BEGIN Raw data

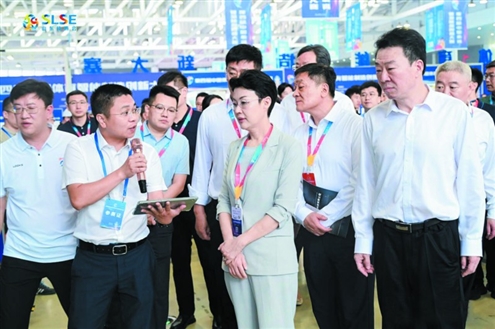 山东省人民政府副省长王桂英参观体博会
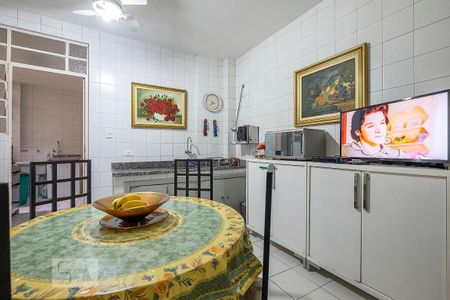 Apartamento à venda com 190m², 2 quartos e sem vagaCozinha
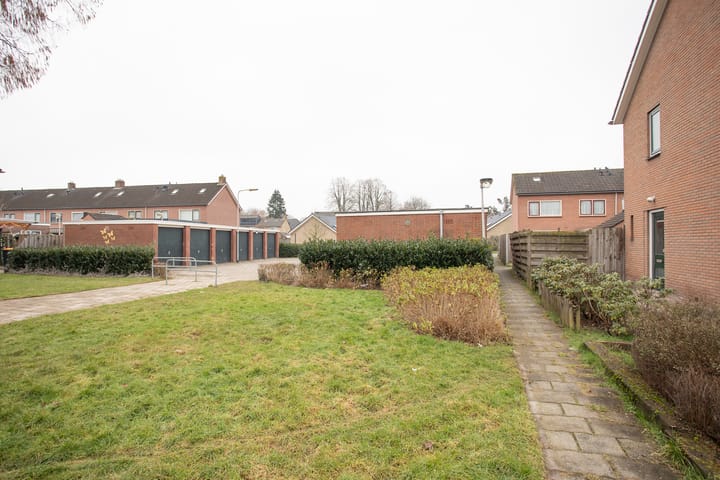 Photo 54 of Asterstraat 14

END Raw data

Exercise – Write out all of the data above exactly, without any of its pictures.

Solution for this task –
 山东省人民政府副省长王桂英参观体博会
 Apartamento à venda com 190m², 2 quartos e sem vagaCozinha
 Photo 54 of Asterstraat 14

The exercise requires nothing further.